EXERCISE DESCRIPTION: The copy you print must match the listing exactly, with its pictures removed.

RECORDED INFORMATION:
________________

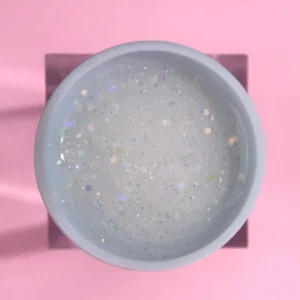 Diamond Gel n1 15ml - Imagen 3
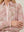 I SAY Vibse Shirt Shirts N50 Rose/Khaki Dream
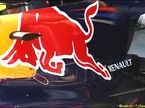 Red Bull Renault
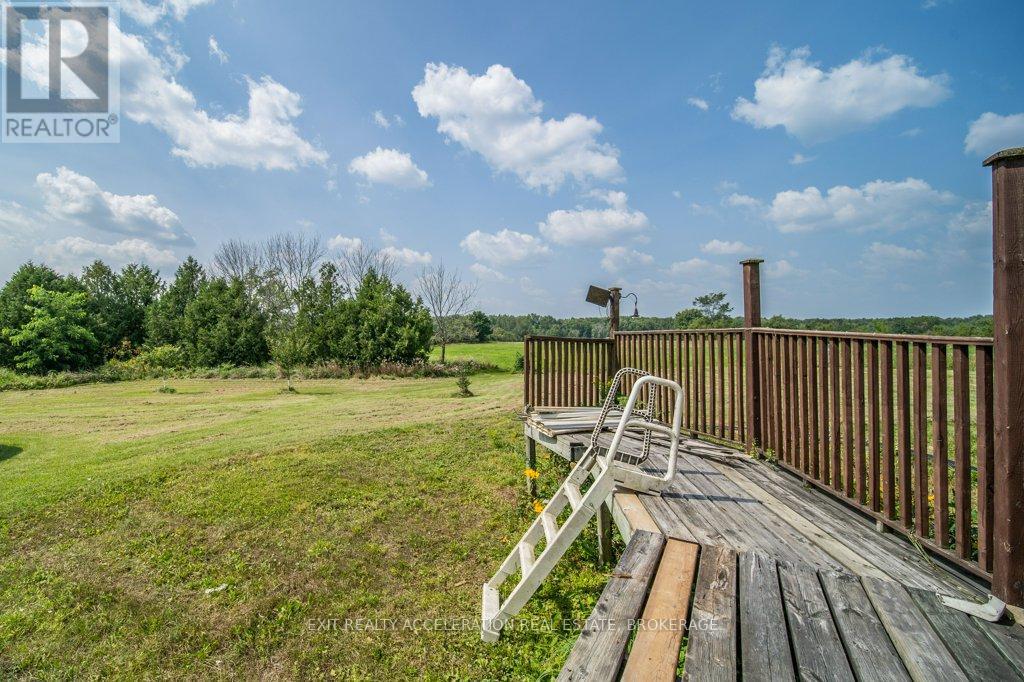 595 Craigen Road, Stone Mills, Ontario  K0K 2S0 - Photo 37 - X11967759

________________

SOLUTION TO THIS TASK:
 Diamond Gel n1 15ml - Imagen 3
 I SAY Vibse Shirt Shirts N50 Rose/Khaki Dream
 Red Bull Renault
 595 Craigen Road, Stone Mills, Ontario  K0K 2S0 - Photo 37 - X11967759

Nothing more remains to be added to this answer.